Copy the lines below exactly, starting at the one with "DONICZKA Z PODSTAWKĄ" and ending at the one with "1989 Ford Bronco", and leave out any picture.

== Dataset records ==
----------
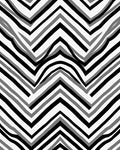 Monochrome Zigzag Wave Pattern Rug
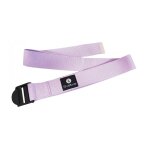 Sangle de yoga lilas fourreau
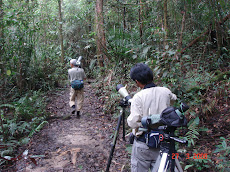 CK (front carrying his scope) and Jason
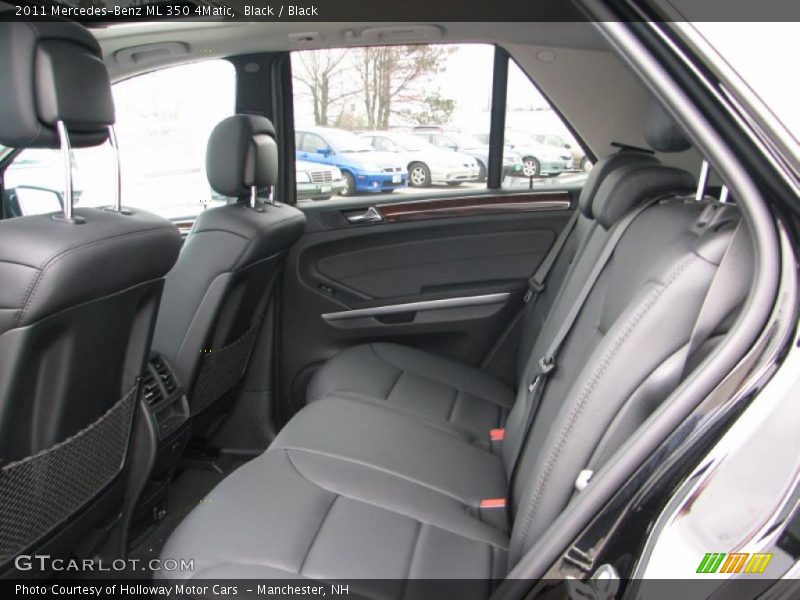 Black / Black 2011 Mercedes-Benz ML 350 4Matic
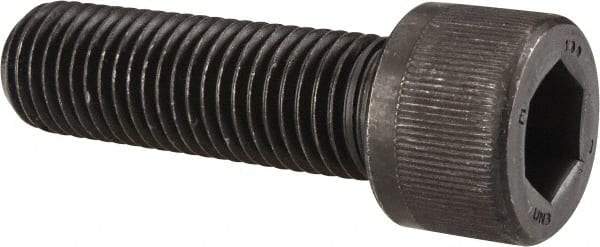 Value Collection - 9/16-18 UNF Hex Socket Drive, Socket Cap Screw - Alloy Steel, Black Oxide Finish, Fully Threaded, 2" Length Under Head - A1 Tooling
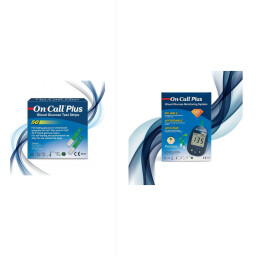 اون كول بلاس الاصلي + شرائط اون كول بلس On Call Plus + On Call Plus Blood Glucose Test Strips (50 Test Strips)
----------
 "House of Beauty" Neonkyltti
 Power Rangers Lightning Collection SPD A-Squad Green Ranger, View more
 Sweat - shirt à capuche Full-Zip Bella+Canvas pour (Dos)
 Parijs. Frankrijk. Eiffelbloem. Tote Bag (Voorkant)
----------
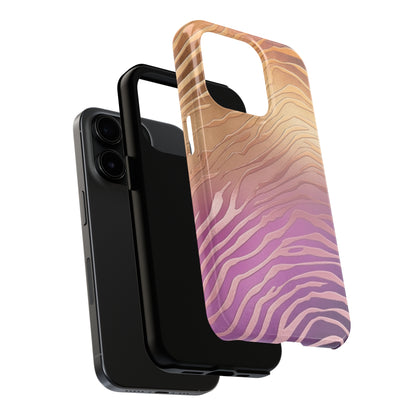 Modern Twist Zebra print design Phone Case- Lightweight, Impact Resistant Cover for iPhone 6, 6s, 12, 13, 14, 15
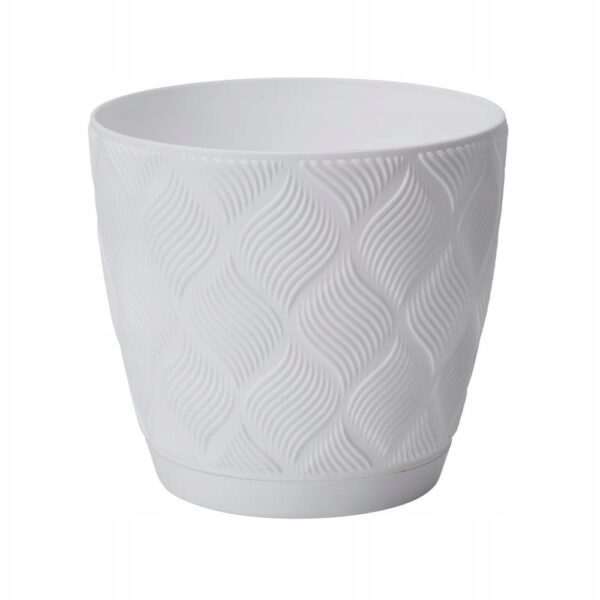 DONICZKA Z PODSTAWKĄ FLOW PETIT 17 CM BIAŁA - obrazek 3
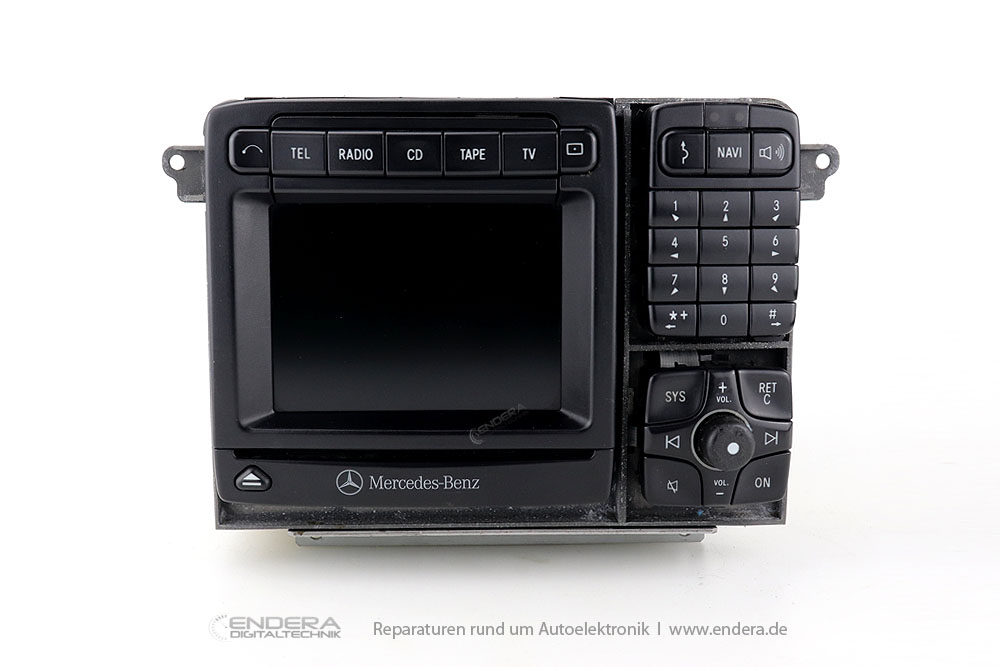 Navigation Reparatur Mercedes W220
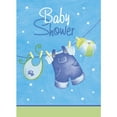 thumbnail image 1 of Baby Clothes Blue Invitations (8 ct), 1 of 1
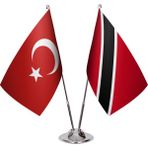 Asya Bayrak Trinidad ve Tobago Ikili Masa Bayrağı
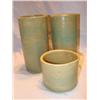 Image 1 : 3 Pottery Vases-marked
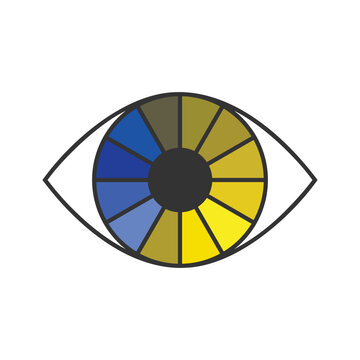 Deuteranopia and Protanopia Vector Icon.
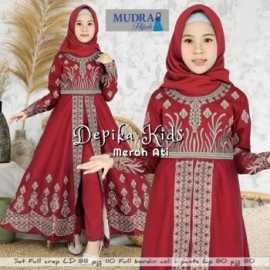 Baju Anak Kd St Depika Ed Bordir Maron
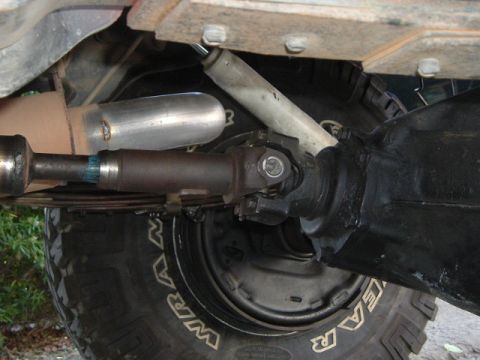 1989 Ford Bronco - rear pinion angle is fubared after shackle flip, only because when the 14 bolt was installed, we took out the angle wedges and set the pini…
----------
== Your solution ==
 DONICZKA Z PODSTAWKĄ FLOW PETIT 17 CM BIAŁA - obrazek 3
 Navigation Reparatur Mercedes W220
 thumbnail image 1 of Baby Clothes Blue Invitations (8 ct), 1 of 1
 Asya Bayrak Trinidad ve Tobago Ikili Masa Bayrağı
 Image 1 : 3 Pottery Vases-marked
 Deuteranopia and Protanopia Vector Icon.
 Baju Anak Kd St Depika Ed Bordir Maron
 1989 Ford Bronco - rear pinion angle is fubared after shackle flip, only because when the 14 bolt was installed, we took out the angle wedges and set the pini…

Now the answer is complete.